Acetate (Ac-), aminoethyl (AE-), and carboxymethyl (CM-) high amylose starch cross-linked 6 (HASCL-6) derivatives were previously shown to control the release of drugs over 20 h from monolithic tablets highly loaded (up to 60% drug). This report describes the swelling characteristics, which allow a better understanding of the mechanisms involved in the control of the drug release from the said polymeric matrices. The tablet swelling of HASCL-6, Ac-HASCL-6, and AE-HASCL-6 was found to not be affected by the ionic strength and by the pH between 1.2 (gastric) and 7 (intestinal), whereas the swelling of CM-HASCL-6 was shown to depend on both ionic strength and pH of the release medium. For all the studied polymers the drug loading did not change the equilibrium swelling ratio but affected the initial swelling velocity, seemingly due to the competition between drug and polymer for water uptake, a phenomenon probably influenced by the loading and the drug solubility. It was also shown that the increase of ionic strength would slightly increase the drug release time probably by decreasing the amount of free water still available to solubilize the drug present into the matrix.

Modified high amylose starch for immobilization of uricase for therapeutic application.

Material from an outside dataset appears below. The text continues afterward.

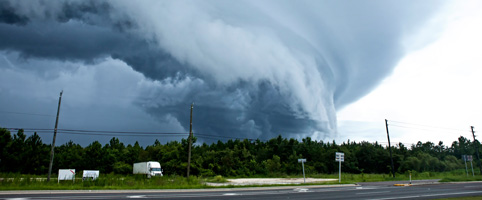 Tornado about to touch down over a forest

Urate oxidase (uricase) was immobilized on carboxymethyl high amylose starch cross-linked 35 (CM-HASCL-35), on aminoethyl high amylose starch cross-linked 35, as well as on commercial supports, CNBr-activated Sepharose and diaminodipropylamine agarose. The N -ethyl-5-phenylisoxazolium-3'-sulphonate (Woodward reagent K) gave a high binding but totally inhibited the enzyme activity. Best results were obtained with CM-HASCL-35 using 1-ethyl-3-(3-dimethylaminopropyl)carbodi-imide as a coupling agent. The immobilized enzyme retained 88% of its initial limit rate [V (max)(app)=16 EU/mg for immobilized uricase versus V (max)=18 EU/mg for the free enzyme], with an apparent decrease of affinity for urate substrate [K (m)(app)=0.17 mM versus K (m)=0.03 mM for the free enzyme]. The coupling yield was 60% and the modified uricase was found more resistant to proteolysis than the free enzyme. The immobilized uricase retained 25% of its initial activity after 60 min in pancreatic proteolysis medium (pancreatin), whereas the free enzyme retained only 5% of its initial activity. The best immobilization yield was obtained with the polymeric support based on CM-HASCL-35 (53%), which gave better results than commercial supports based on agarose.